▶ _The data_
⟨
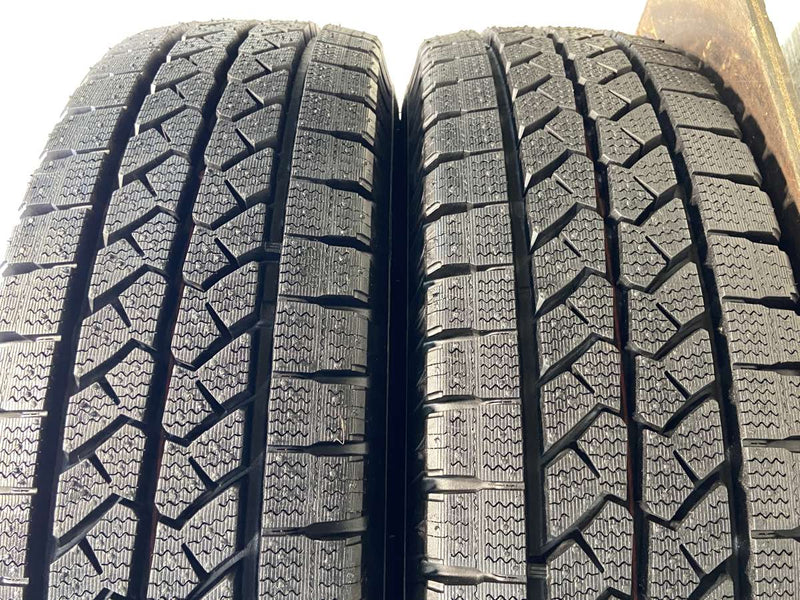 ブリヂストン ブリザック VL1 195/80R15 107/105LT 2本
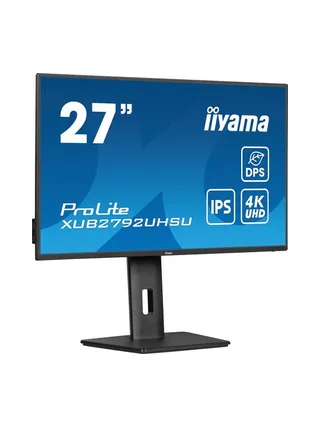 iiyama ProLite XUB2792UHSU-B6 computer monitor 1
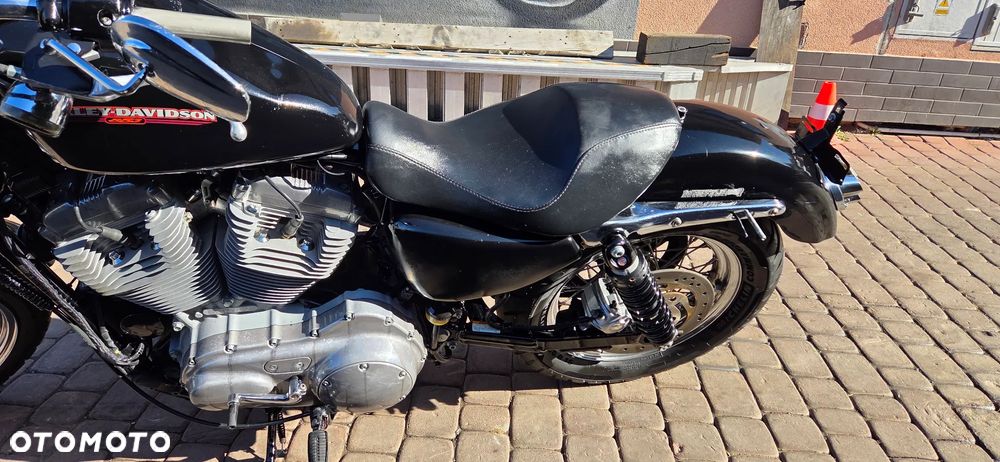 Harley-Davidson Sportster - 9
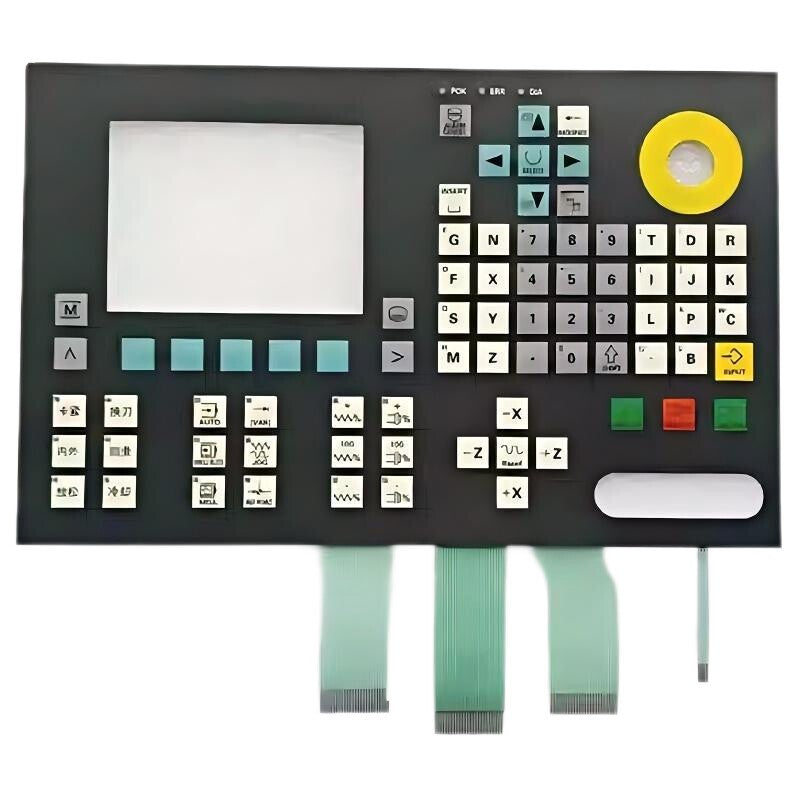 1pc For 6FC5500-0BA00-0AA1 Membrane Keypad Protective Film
⟩
▶ _Problem_
Return the data exactly. Do not carry over any images.

▶ _Result for this exercise_
 ブリヂストン ブリザック VL1 195/80R15 107/105LT 2本
 iiyama ProLite XUB2792UHSU-B6 computer monitor 1
 Harley-Davidson Sportster - 9
 1pc For 6FC5500-0BA00-0AA1 Membrane Keypad Protective Film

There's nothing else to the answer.